In addition to presenting results of operations and earnings amounts in total, certain measures are expressed in cents per share. These amounts reflect factors that directly impact earnings. We believe this per share information is useful because it enables readers to better understand the impact of these factors on earnings. All references in this section to earnings per share are on the basis of diluted shares (see Part II, Item 8., Note 1, “Earnings Per Share,” in our 2009 Form 10-K).  We also believe that showing operating revenues and margins excluding the refund of gas cost savings on customer bills in June 2009 facilitates more meaningful comparisons between 2009 and 2010.  We use such non-GAAP (i.e. non generally accepted accounting principle) financial measures in analyzing our results of operations and believe that they provide useful information to our investors and creditors in evaluating our financial condition.

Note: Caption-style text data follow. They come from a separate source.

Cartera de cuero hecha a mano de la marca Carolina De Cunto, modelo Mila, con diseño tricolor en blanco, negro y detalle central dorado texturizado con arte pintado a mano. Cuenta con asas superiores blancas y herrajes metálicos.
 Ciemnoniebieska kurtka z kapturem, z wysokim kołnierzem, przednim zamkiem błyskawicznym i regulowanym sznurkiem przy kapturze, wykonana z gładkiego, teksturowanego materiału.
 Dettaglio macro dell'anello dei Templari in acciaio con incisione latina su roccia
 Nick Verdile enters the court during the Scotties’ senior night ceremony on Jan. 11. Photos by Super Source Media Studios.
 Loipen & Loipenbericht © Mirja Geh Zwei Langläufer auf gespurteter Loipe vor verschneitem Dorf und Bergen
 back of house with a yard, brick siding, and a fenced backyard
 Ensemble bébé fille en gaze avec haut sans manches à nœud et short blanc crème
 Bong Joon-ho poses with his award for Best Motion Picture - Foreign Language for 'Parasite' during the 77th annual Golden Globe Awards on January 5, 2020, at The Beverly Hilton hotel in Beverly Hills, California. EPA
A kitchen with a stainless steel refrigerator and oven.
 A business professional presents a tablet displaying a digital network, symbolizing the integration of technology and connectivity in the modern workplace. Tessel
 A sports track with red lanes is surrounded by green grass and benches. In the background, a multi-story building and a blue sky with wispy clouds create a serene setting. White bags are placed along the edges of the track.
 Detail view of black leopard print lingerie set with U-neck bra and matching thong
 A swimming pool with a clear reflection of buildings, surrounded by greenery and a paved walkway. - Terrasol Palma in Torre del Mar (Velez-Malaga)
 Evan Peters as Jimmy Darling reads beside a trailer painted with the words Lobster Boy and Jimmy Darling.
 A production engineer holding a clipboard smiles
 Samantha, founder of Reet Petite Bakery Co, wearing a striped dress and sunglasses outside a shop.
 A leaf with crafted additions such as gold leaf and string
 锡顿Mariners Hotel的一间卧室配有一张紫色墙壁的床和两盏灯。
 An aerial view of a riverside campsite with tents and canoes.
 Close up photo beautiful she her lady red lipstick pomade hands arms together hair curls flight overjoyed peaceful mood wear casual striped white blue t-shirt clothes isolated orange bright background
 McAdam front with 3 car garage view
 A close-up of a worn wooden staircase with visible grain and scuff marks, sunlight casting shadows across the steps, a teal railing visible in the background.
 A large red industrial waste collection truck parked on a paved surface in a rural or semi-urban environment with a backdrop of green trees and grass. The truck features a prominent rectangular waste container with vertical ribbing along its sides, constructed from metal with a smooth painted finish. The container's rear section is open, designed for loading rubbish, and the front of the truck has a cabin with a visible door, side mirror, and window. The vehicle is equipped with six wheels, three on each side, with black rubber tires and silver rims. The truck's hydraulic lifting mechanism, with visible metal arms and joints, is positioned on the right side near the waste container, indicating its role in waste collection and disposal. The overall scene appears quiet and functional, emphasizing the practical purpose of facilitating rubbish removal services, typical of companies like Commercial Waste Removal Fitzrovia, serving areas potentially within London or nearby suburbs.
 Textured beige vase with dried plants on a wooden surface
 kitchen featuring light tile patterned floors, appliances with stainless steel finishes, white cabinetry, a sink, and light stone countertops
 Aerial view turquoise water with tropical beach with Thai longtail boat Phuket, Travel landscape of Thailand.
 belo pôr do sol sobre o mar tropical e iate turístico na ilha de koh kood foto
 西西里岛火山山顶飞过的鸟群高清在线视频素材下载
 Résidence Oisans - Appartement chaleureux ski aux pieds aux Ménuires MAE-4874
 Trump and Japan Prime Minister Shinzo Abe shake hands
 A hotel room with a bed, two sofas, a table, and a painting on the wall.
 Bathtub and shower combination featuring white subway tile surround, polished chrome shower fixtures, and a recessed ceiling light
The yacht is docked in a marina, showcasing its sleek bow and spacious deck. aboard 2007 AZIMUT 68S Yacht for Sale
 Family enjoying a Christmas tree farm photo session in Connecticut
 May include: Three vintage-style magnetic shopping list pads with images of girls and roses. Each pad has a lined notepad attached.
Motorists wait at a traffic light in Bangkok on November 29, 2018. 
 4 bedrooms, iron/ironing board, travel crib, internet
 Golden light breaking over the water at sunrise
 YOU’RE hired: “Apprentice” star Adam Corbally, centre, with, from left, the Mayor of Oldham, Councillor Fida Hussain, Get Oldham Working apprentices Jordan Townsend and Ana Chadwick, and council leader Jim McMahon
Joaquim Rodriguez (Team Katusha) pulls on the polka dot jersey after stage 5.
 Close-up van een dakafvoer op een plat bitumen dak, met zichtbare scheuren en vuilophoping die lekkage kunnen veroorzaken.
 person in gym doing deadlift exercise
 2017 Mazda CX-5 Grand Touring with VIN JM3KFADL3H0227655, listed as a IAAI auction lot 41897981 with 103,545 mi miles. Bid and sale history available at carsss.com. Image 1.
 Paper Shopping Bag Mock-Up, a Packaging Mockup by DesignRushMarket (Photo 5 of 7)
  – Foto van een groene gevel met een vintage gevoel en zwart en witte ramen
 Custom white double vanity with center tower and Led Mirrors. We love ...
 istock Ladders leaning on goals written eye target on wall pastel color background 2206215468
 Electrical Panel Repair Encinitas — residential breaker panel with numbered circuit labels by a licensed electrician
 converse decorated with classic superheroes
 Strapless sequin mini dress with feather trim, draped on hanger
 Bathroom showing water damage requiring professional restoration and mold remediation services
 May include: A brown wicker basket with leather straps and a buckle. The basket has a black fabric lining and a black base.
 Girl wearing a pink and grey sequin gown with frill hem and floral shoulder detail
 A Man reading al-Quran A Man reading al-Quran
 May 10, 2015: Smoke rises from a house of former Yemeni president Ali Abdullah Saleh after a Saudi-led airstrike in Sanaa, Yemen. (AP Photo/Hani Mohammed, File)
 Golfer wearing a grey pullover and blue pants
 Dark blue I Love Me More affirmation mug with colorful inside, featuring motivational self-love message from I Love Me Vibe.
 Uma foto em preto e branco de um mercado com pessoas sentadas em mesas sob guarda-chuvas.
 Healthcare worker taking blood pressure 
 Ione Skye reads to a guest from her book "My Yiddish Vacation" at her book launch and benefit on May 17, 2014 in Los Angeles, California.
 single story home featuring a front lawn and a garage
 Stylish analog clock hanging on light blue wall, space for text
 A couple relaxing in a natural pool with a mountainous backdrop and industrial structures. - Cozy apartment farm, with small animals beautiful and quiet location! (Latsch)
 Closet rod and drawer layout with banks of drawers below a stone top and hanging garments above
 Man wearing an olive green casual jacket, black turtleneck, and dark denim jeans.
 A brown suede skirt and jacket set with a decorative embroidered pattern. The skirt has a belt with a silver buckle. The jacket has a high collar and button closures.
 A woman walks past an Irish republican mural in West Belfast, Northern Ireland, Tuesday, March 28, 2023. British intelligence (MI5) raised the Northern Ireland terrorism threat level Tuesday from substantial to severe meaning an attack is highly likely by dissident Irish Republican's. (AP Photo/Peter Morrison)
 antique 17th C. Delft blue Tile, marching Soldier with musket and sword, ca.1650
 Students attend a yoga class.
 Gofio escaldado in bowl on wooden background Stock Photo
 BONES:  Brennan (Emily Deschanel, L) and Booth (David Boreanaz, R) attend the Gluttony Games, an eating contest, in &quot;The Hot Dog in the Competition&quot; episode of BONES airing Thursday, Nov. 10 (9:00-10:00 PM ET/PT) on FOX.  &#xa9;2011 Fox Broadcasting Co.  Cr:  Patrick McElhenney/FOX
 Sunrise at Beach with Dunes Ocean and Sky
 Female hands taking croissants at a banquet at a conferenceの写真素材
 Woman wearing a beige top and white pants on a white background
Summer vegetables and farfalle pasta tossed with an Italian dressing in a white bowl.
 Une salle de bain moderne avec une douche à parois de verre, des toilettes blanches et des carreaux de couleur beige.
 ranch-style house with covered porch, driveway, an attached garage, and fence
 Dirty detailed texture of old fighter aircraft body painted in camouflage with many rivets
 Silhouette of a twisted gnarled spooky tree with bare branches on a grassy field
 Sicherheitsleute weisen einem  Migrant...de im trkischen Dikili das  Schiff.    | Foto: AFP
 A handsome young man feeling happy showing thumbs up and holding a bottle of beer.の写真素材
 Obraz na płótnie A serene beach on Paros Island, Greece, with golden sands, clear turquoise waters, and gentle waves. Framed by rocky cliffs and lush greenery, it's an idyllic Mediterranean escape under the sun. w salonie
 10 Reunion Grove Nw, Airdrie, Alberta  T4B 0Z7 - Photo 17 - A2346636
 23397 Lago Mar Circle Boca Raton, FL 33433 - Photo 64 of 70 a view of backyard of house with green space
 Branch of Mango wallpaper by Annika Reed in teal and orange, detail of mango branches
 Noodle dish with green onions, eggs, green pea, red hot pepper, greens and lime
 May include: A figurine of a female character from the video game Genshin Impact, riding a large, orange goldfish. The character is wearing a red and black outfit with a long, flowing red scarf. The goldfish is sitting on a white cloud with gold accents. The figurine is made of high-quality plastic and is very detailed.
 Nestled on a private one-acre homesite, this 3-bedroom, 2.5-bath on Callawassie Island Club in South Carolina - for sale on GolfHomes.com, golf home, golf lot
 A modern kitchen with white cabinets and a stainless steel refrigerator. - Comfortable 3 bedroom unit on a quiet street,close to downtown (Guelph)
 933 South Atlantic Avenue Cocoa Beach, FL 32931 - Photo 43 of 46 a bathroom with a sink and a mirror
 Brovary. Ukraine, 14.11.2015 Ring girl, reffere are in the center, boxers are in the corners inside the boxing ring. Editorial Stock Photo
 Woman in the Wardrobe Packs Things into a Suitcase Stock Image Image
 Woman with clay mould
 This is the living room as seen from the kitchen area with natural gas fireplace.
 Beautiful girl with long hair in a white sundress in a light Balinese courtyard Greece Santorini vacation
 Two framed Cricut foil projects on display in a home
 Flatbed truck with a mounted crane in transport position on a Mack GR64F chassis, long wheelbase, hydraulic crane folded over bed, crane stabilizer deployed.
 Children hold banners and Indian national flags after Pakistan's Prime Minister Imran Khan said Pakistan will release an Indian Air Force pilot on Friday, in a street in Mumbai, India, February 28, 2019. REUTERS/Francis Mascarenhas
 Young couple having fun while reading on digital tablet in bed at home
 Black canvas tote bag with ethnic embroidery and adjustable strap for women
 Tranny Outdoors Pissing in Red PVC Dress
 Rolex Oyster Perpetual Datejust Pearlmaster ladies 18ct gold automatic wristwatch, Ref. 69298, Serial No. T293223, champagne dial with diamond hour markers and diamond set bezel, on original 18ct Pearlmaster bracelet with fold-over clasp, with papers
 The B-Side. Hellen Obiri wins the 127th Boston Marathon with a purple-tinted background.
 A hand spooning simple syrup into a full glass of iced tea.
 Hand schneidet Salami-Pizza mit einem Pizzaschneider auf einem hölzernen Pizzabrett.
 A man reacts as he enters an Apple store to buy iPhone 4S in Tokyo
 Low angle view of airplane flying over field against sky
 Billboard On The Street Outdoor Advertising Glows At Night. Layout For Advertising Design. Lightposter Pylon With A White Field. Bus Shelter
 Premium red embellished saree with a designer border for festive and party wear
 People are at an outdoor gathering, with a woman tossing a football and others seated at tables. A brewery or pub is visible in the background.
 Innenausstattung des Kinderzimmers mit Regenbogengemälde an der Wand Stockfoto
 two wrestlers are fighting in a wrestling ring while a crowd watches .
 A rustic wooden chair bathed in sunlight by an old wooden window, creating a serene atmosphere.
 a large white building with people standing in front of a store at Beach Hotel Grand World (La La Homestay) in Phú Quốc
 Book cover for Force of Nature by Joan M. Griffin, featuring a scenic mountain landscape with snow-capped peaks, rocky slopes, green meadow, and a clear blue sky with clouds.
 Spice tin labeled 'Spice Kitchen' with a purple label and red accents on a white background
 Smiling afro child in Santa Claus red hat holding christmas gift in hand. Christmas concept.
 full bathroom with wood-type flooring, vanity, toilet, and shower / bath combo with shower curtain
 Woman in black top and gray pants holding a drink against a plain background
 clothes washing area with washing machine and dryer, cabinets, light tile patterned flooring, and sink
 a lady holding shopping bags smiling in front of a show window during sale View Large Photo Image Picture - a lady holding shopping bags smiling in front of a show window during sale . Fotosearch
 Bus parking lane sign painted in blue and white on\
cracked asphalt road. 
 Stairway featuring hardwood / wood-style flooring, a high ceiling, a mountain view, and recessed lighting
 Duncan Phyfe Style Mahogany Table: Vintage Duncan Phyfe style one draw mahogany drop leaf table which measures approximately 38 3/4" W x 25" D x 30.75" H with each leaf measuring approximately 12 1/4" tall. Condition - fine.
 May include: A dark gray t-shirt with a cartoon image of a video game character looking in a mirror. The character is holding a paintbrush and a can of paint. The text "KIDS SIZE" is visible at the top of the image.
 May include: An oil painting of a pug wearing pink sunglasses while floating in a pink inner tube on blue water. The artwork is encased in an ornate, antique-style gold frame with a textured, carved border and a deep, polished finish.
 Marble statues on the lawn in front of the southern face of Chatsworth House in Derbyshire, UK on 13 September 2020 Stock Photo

Certain prior year balances on our consolidated financial statements have been reclassified to conform with the current presentation.  These reclassifications had no impact on our prior year’s consolidated results of operations, and no material impact on financial condition or cash flows.
 
Executive Summary
 
Results for the second quarter of 2010 include:
 
·  
Consolidated net income increased $3.8 million, from $3.1 million in the second quarter of 2009 to $6.9 million in the second quarter of 2010;
·  
Earnings from utility operations increased $4.2 million, from net income of $0.4 million in 2009 to net income of $4.6 million in 2010;
·  
Earnings from gas storage operations decreased $0.6 million, from net income of $2.7 million in 2009 to $2.1 million in 2010;
·  
Net operating revenues (margin) increased 10 percent, from $65.9 million in 2009 to $72.2 million in 2010, with utility margin up 11 percent or $6.9 million and gas storage margin down 11 percent or $0.6 million;
·  
Cash flow from operations decreased 48 percent, from $199.8 million in 2009 to $104.3 million in 2010; and
·  
Utility customer growth rate was slightly above 1 percent over the last 12 months.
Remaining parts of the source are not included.